**What is needed**
Quote the material below exactly as written, from the first line to the line that holds "Cumhurbaşkanı Erdoğan'ın grup", endpoints included.
### Recorded data ###
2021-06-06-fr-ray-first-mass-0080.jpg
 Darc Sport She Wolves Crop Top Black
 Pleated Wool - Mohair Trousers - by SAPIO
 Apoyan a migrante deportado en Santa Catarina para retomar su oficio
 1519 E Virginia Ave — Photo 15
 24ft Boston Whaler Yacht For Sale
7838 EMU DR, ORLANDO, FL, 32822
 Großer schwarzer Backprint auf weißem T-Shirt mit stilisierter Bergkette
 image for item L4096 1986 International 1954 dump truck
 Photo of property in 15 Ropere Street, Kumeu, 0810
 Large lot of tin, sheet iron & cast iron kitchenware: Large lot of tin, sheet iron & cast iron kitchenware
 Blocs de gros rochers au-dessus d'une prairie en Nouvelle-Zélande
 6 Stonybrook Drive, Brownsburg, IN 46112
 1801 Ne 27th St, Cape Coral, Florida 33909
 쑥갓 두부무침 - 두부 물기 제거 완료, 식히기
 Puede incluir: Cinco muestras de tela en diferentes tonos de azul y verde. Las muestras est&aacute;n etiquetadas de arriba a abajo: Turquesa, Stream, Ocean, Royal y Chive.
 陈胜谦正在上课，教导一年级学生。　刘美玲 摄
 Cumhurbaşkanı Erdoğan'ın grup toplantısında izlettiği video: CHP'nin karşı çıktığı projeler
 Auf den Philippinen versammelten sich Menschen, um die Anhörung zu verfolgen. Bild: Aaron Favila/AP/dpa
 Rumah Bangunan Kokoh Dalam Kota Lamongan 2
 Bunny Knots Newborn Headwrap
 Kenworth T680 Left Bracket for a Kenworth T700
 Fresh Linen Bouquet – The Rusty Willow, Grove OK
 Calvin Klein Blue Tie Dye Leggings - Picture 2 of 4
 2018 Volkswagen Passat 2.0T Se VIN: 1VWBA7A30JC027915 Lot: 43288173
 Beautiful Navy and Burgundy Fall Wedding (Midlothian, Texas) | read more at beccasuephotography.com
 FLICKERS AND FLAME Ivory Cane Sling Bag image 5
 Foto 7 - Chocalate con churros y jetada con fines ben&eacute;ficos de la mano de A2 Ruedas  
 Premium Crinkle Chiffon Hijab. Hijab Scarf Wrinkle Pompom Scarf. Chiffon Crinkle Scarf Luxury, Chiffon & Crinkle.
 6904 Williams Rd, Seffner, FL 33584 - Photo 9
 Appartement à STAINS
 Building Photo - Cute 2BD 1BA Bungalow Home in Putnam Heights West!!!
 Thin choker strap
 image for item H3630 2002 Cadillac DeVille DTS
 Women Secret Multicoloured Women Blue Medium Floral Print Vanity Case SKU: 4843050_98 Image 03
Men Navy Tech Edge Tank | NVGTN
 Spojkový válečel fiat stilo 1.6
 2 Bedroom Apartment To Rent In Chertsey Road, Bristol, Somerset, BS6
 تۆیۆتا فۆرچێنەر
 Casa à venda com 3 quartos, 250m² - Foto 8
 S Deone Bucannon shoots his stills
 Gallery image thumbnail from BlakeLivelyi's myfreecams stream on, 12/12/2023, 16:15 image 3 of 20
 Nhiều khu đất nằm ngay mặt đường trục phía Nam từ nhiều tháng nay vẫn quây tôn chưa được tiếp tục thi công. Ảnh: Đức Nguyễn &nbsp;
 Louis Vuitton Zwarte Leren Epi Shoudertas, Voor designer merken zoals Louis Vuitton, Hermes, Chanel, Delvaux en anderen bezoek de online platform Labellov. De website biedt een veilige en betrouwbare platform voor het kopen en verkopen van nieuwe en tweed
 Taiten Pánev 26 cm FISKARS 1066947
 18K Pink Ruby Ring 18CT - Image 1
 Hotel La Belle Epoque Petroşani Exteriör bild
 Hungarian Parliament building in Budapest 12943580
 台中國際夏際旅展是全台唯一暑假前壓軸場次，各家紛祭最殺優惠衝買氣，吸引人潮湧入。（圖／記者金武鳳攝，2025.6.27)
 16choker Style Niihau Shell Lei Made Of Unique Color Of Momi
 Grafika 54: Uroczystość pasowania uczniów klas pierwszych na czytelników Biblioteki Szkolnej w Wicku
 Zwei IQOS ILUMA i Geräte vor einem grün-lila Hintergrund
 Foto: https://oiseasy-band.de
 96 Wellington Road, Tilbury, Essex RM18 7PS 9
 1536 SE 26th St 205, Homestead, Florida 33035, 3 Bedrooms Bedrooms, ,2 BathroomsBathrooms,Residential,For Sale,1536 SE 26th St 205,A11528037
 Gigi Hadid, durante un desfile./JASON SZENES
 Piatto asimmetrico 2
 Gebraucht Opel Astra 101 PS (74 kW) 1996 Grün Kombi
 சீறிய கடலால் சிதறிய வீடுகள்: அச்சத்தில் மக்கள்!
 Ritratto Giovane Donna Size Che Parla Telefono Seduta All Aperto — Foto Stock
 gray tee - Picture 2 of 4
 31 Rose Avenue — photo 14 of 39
###
**Response to this exercise**
2021-06-06-fr-ray-first-mass-0080.jpg
 Darc Sport She Wolves Crop Top Black
 Pleated Wool - Mohair Trousers - by SAPIO
 Apoyan a migrante deportado en Santa Catarina para retomar su oficio
 1519 E Virginia Ave — Photo 15
 24ft Boston Whaler Yacht For Sale
7838 EMU DR, ORLANDO, FL, 32822
 Großer schwarzer Backprint auf weißem T-Shirt mit stilisierter Bergkette
 image for item L4096 1986 International 1954 dump truck
 Photo of property in 15 Ropere Street, Kumeu, 0810
 Large lot of tin, sheet iron & cast iron kitchenware: Large lot of tin, sheet iron & cast iron kitchenware
 Blocs de gros rochers au-dessus d'une prairie en Nouvelle-Zélande
 6 Stonybrook Drive, Brownsburg, IN 46112
 1801 Ne 27th St, Cape Coral, Florida 33909
 쑥갓 두부무침 - 두부 물기 제거 완료, 식히기
 Puede incluir: Cinco muestras de tela en diferentes tonos de azul y verde. Las muestras est&aacute;n etiquetadas de arriba a abajo: Turquesa, Stream, Ocean, Royal y Chive.
 陈胜谦正在上课，教导一年级学生。　刘美玲 摄
 Cumhurbaşkanı Erdoğan'ın grup toplantısında izlettiği video: CHP'nin karşı çıktığı projeler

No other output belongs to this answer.